Flutist Jasmine Choi joins her fellow Cameratans for an all wind program in March.

Flutist Jasmine Choi joins her fellow Cameratans for an all wind program in March.

(Courtesy photo)

The March program of Camerata Pacifica showcases the Camerata’s stellar wind players. Or, as their artistic director, Adrian Spence, puts it: “A particular distinction for Camerata Pacifica is the amazing wind players of our ensemble, and this program highlights their virtuosity, innate musicianship, and very individual characters.”

The personnel of these concerts is a typical Camerata collection of virtuosos, both stalwarts and newcomers, including:

British oboist Nick Daniel, Spanish clarinetist Jose Franch-Ballester, and Korean flutist Jasmine Choi; plus three performers making their first Camerata Pacifica appearances in these events: American pianist Henry Kramer (a 2019 recipient of the Avery Fisher Career Grant), British horn player Benjamin Goldscheider, and bassoonist Kathleen McLean (scion of the Indiana University School of Music).

The March program contains the second movement “Andante” from Edouard Destenay‘s “Trio in b-minor for Piano, Oboe and Clarinet, Opus 27” (1906); Carl Reinecke‘s “Trio in a-minor for Piano, Oboe and Horn, Opus 188” (1886); Camille Saint-Saëns‘ “Introduction & Rondo Capriccioso, Opus 28 (1863),” arranged by Jasmine Choi; and John Harbison‘s “Wind Quintet” (1979).

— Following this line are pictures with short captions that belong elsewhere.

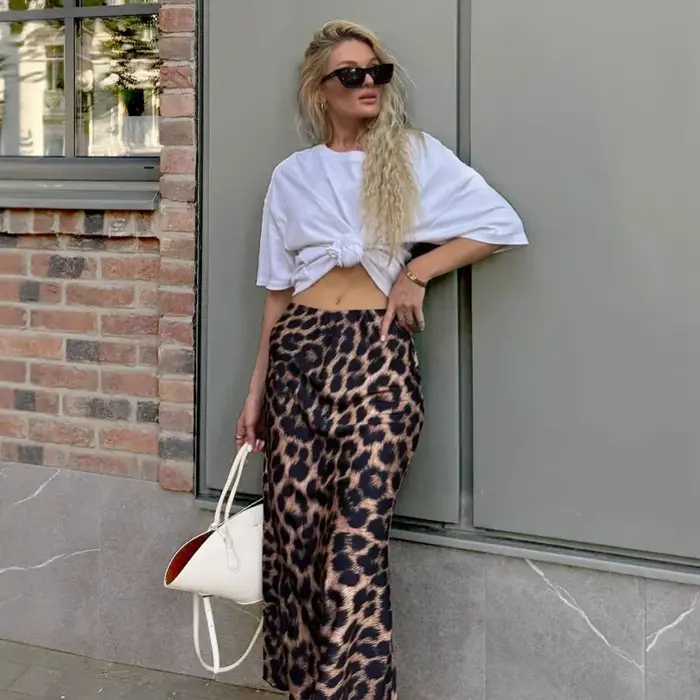 Robe taille haute imprimé léopard pour femmes, élégante et confortable, style normcore/minimaliste, robe de banlieue en forme de A, printemps été, occassions spéciales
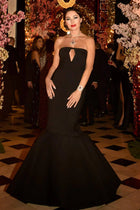 Fitted strapless mermaid cut sable crew long dress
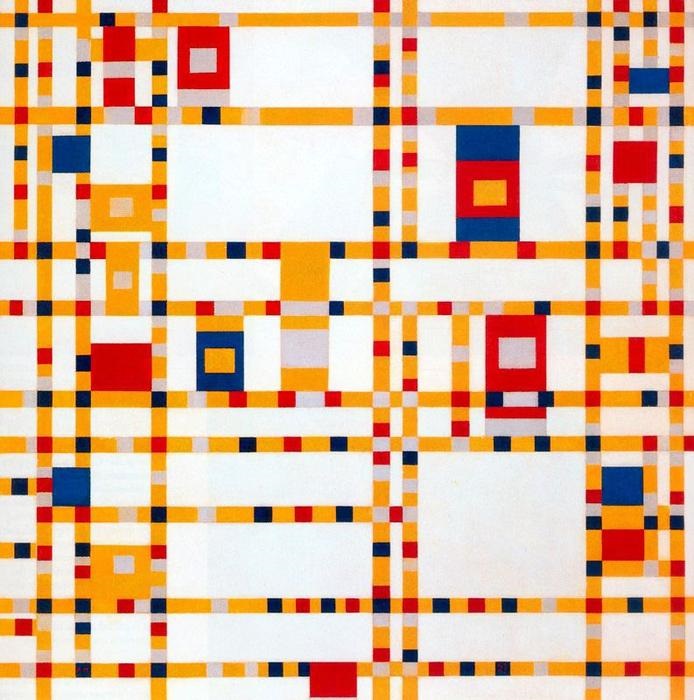 前1000幅世界名画-“百老汇布吉伍吉” Piet Mondrian - 布面油画 - 127 x 127 cm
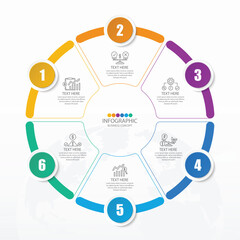 Basic circle infographic with 6 steps, process or options.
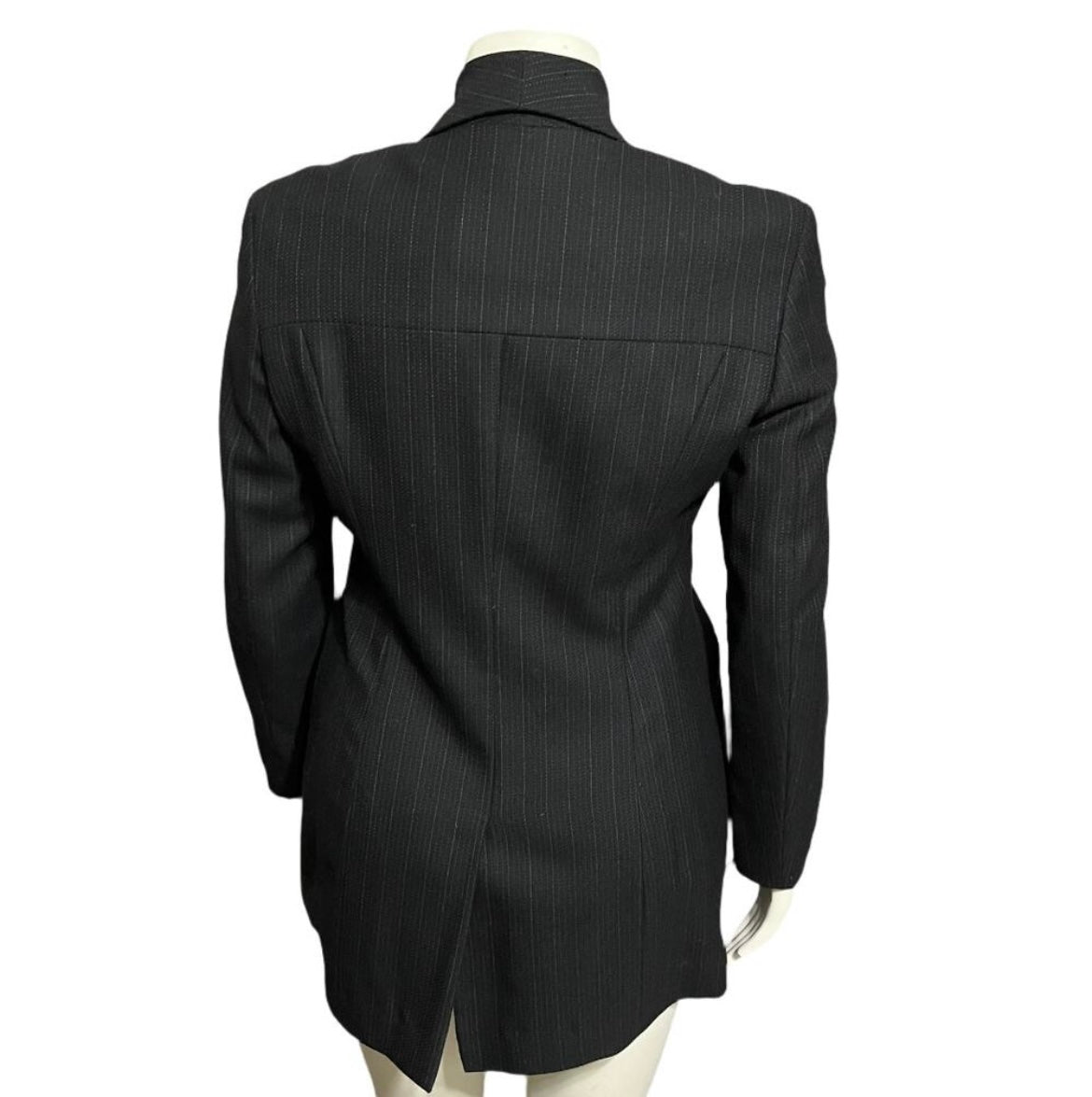 Andrea Palladio Black Striped 100% Wool Italy Made Blazer Sz-10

The Destenay and Reinecke, though scarcely well-known, will cause no problems for most music lovers, inhabiting as they do the comfortable soundscape of late twentieth century romanticism, the winds adding a touch of sinuous exoticism.

It will be interesting to hear what Choi makes of the Saint-Saëns, which is surely familiar to most attendees in its original incarnation as a virtuoso showcase for violin and orchestra.

I might add that the composer, while himself a virtuoso pianist who composed five piano concertos, and who wrote many concerted and/or chamber works for strings, did not entirely neglect the woodwinds.

There is the delightful “Caprice on Danish and Russian Airs for Flute, Oboe, Clarinet and Piano, Opus 79” (1887), and the exquisite trio of solo wind and piano sonatas (bassoon, clarinet, oboe) that were among his last compositions.

If you play any instrument, you have cause to be grateful to Camille Saint-Saëns.

The Harbison Quintet takes a bit more listening, like all new music, for all that it amply rewards any attention paid to it. Harbison is a major American composer, and clearly a favorite of the Camerata.

He is also one of those rare composers who can talk about his art without losing himself in metaphysics or theory. His “artistic credo,” he said, in 1990, was “to make each piece different from the others, to find clear, fresh large designs, to reinvent traditions”.

Camerata Pacifica performs this program in Santa Barbara at 7:30 p.m. Friday, March 25, in Hahn Hall, at the Music Academy of the West, 1070 Fairway Road. They also perform it at 3 p.m. Sunday, March 20 in the Museum of Ventura County, 100 E. Main St., Ventura; 7:30 p.m. Tuesday, March 22 in Rothenberg Hall of The Huntington Museum in San Marino, 1151 Oxford Road; and 8 p.m. Thursday, March 24 in Zipper Hall of The Colburn School in Los Angeles, 200 S. Grand Ave.

Admission to all venues is $68. For tickets and other information, show up at the box office, call the Camerata Pacifica, 805-884-8410, or email tickets@cameratapacifica.org

Camerata Pacifica requires masks as well as proof of COVID vaccination and booster for attendance at concerts.